I’m a well-intentioned, busybody mom who’s forever sharing snacks and finding Kleenexes for kids I don’t know. Like most former high-school teachers, I can’t help thinking that whenever there are teenagers in a crowd, they must be on a field trip that I’m chaperoning. Something in my mien and voice must make them think so too—I’ve scolded some pretty tough-looking teenage boys for swearing around my children, and I’ve never received anything other than an embarrassed apology. There couldn’t be any stranger in the world less inclined to cause harm to Jenna than I was—and thank God for that, because when I saw on the school’s Web site that her graduation rehearsal was the following week, I flipped open my calendar and jotted down the day and time.

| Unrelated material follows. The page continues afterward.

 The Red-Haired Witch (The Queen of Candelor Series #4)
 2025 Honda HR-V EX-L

The day of the rehearsal was glorious, the way days in early June often are in this part of Los Angeles. I wore a pink linen skirt, a white sleeveless top, and a pair of low-heeled leather sandals, and I was so caught up in congratulating myself for approximating so exactly the look of a middle-aged, private-school mom that I had to remind myself that that’s exactly what I am.
At the school, things were hopping: Younger girls were being dismissed, a party-supply truck was delivering hundreds of white folding chairs for the ceremony, a uniformed guard was waving car-pool drivers onto the horseshoe drive in front of the school. I walked down the sidewalk and passed the front gate—something I’ve done literally hundreds of times (I used to live just down the street), but this time my heart was racing. I gave the guard a big, familiar smile, and she nodded and smiled back—she had the look of someone trying to place a familiar face. I kept walking down the block.

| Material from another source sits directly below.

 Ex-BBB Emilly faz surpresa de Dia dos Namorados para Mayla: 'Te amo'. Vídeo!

I wasn’t sure what I was trying to prove to myself, but it certainly wasn’t that someone like me could slip onto the campus—the school that several of my friends’ children attend and that is my own polling place. I got to the end of the block and turned the corner; I knew the rehearsal was to be held in the field behind the main building, and I was hoping that maybe I could get at least a glimpse of the seniors. And that’s when I heard them: Girls, a lot of them, were laughing and talking, and a teacher—her voice much louder, coming through speakers—was trying to impose some order. A piano played the first notes of something that sounded like a processional march, and it was soon joined by the sweet music of a hundred girls singing: They were preparing for graduation by practicing their alma mater. They started, they stopped, they squealed with laughter. The teacher spoke into the microphone, more sternly this time, and they began again.
But that, you will be relieved to know, was as close as I got: The campus was surrounded by a wall as thick and imposing as any ever built around a school dedicated to the teaching and sheltering of girls. So I stood there feeling foolish, slid my camera back in my purse, and slunk away. The place to meet Jenna (without breaking the law) was not on the walled campus of a private school.